And all this leaves out the post-results passed and failed phases, which I’ll post about later.

How does everyone feel about the exam yesterday?


----------



## RBHeadge PE (Oct 27, 2018)

Over the last few years we've noticed that it generally takes a little over a month for NCEES to work through their baseline scoring processes for the paper and pencil tests to release their score. All of the results are released on the same day for the spring and fall exams respectively, regardless of test discipline. The thing that always “delays” the release of the results beyond that period though, is when a new exam is administered in a given test period.  The exam writers have to a have a meeting to discuss the exam results and adjudicate any problematic exam questions. There are a lot of PPE exams so there is almost always a new exam being given in a given period. By definition, these exam review meetings occur after the initial scoring has taken place. The exams produced by NCEES, tend to schedule those meetings about 25-30 days after the exam. The exams not produced by NCESS (the less practiced disciplines like Nuke, Fire Prot, Petro, etc) tend to be 30-40+ days after the exam.*
*

*There is only one new exam this session: Fire Protection Engineering. Its cut score meeting is Nov 28-29, so results will not arrive before Nov 30.  *

 


*source: https://ncees.org/wp-content/uploads/5_Licensure-Exchange_October-2018.pdf   pg. 11


----------



## FromThisSoil (Oct 27, 2018)

I’ve already gone through some of those phases out of order and much quicker...

I’m not losing any sleep over waiting for my results, when they come, they come. I’m sleeping well now, even though I’m not so sure how I did.
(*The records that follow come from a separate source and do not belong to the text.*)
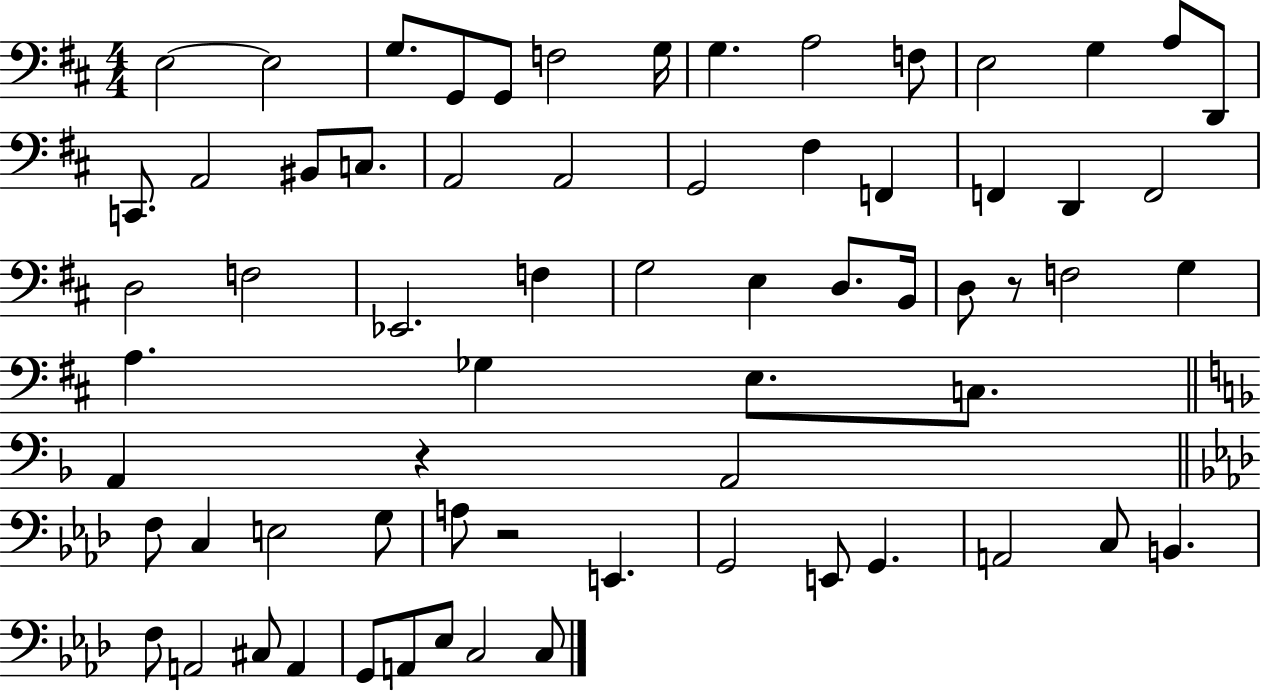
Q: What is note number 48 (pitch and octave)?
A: A3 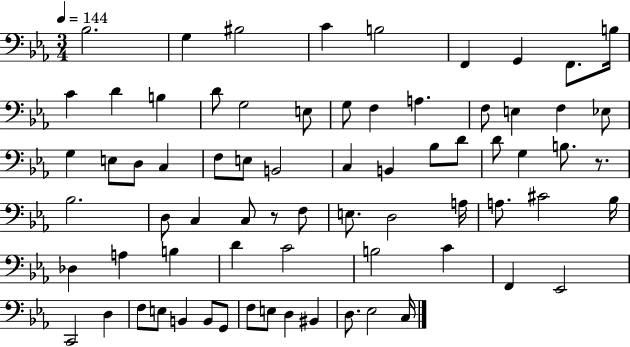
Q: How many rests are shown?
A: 2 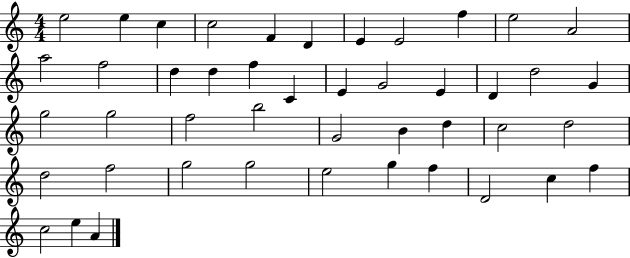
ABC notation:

X:1
T:Untitled
M:4/4
L:1/4
K:C
e2 e c c2 F D E E2 f e2 A2 a2 f2 d d f C E G2 E D d2 G g2 g2 f2 b2 G2 B d c2 d2 d2 f2 g2 g2 e2 g f D2 c f c2 e A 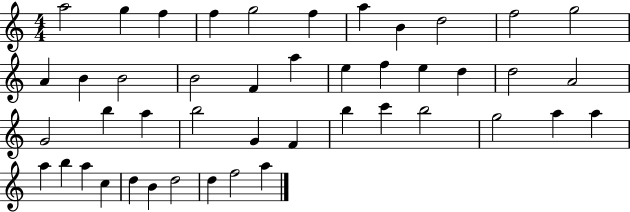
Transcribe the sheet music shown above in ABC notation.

X:1
T:Untitled
M:4/4
L:1/4
K:C
a2 g f f g2 f a B d2 f2 g2 A B B2 B2 F a e f e d d2 A2 G2 b a b2 G F b c' b2 g2 a a a b a c d B d2 d f2 a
Prior to the exam I was waking up in the middle of the night in a cold sweat from a nightmare on how I couldn’t calculate the moment of inertia of a shape or something equally basic.


----------



## JayKay PE (Oct 27, 2018)

I’ve accepted my results either way, just happy it is over. Currently celebrating studying freedom by going to the Corning museum of glass and losing myself in cool stuff. Passing would be a nice Christmas present, but my employer isn’t going to fire me for not passing, so there is not much ultra pressure on my side of things!


----------



## ct27gt (Oct 27, 2018)

Haha. New poster here. I went through Phase 2 last night and skipped straight to Phase 4 this morning! California (not sure if exam differs by state?), Mechanical: Machine Design and Materials

-Joe


----------



## Mr. Zane (Oct 27, 2018)

Thank you for the semi-annual guide after the exam.

I remembered right there was a short sub-phase before the release which was everyone used the chatbox to bother the NCEES representatives and they all got copy/paste standard response.


----------



## RBHeadge PE (Oct 27, 2018)

Mr. Zane said:


> I remembered right there was a short sub-phase before the release which was everyone used the chatbox to bother the NCEES representatives and they all got copy/paste standard response.


I put harassing the board and NCEES in sub-phase B. But it probably warrants its own subphase. I'll fix it in April.


----------



## RBHeadge PE (Oct 29, 2018)

FromThisSoil said:


> I’ve already gone through some of those phases out of order and much quicker...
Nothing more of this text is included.